The developers who were blindsided in June had never had to think about this. Their employer or their wallet was insulated by a flat fee. The insulation is gone.

What This Means for Businesses Using AI Tools

If you are a business owner or technical lead watching this from the sidelines, the lesson is not to avoid AI tools. It is to approach them differently from how most companies have so far.

The typical adoption pattern has been: sign up, experiment, let the team use it freely, hope that productivity improves, never audit what was actually spent or earned. That pattern worked when costs were fixed. It will not work when costs scale with usage.

Every AI chatbot or agent your business runs has a token consumption profile. A customer service agent that handles 500 conversations per day, each with a long context window and three model calls per message, costs materially more to run than one designed to answer quickly with tight, focused prompts. If your business built that agent when API pricing was lower, or when a flat subscription was absorbing the cost, your margin calculation may now be wrong.

The same applies to workflow orchestration. Automations that chain multiple AI steps together, passing large payloads between them, are significantly more expensive than well-designed pipelines that pass only what the model needs. We built a document extraction workflow for a client last year and cut their per-document AI cost by 60% simply by trimming the context before each model call. The logic was identical. The spend was not.

Where Discipline Wins

The businesses that come out ahead in the token-billing era are not the ones using AI the most. They are the ones who understand what each model call costs them and what it returns.

That means auditing your current AI usage before any new tools go live. Which workflows are running? How often? How many tokens per run? What is the business output? A workflow that saves a team member two hours per week at $0.15 in API costs is a strong return. One that runs hourly, processes large documents, and saves the team ten minutes per week is not.

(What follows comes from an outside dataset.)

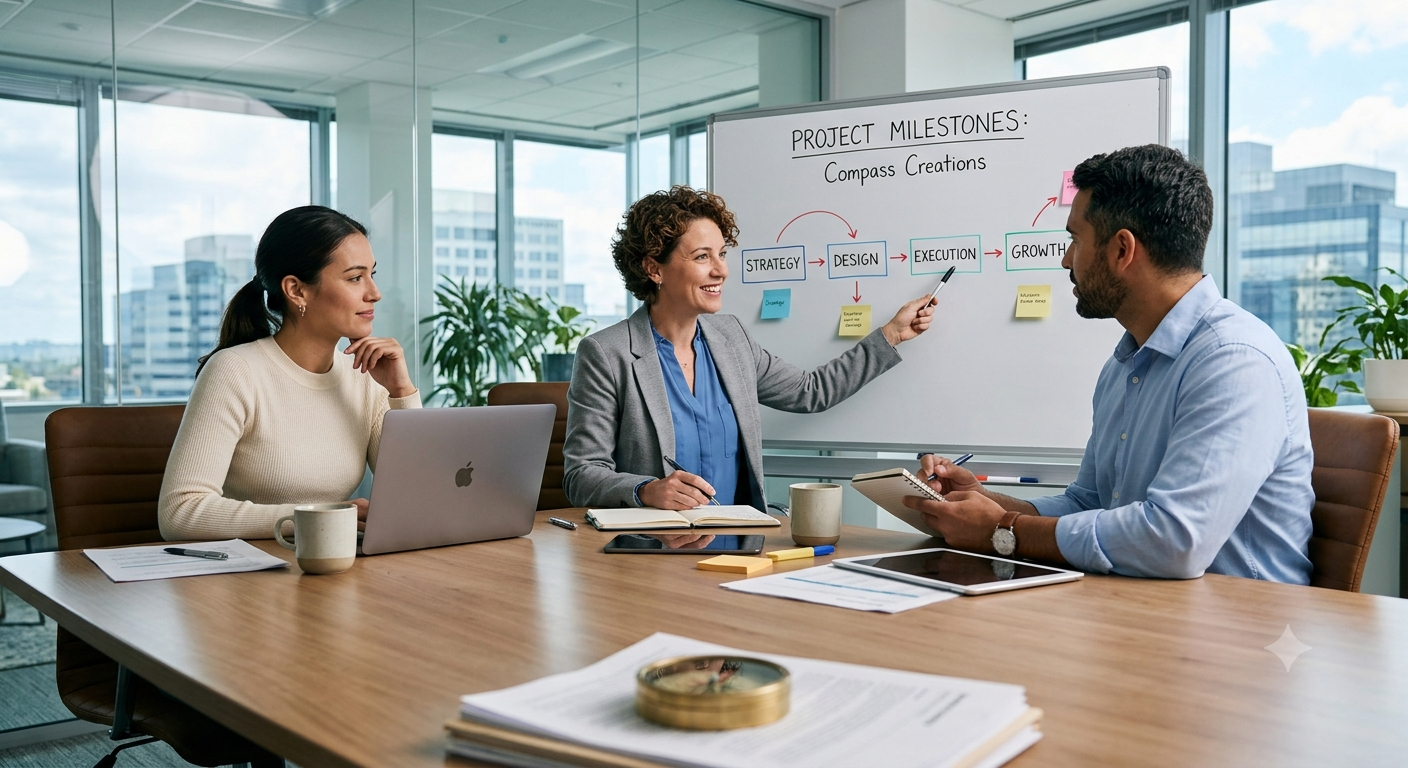 Branding and organizing services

It also means building AI systems with cost visibility from the start. Token counts, cost per run, and cost per output should be logged and reviewable, not invisible. If the team running an AI automation cannot tell you what it costs to run, they cannot tell you whether it is working.

This is not a pessimistic case against AI. The tools are genuinely useful and the use cases are real. But a tool that costs more than it saves is not a competitive advantage. It is a liability dressed up in impressive demos.

The Meter Is Now Running

GitHub Copilot was a wake-up call for individual developers. The equivalent moment for businesses is coming. Some providers will raise prices quietly. Others will restructure tiers. A few will introduce hard caps that make token-based billing feel nostalgic. The direction is the same regardless of the mechanism.

The developers who adapted quickly to the Copilot change were the ones who already understood how the underlying models work. They knew which features burn tokens fast, which settings to adjust, and where the value actually sits. They optimised.

The ones who got hurt were treating AI as a vending machine: put a flat fee in, take outputs out, never think about what happens in between.

The flat-fee era is ending. Knowing what the meter reads is now part of the job.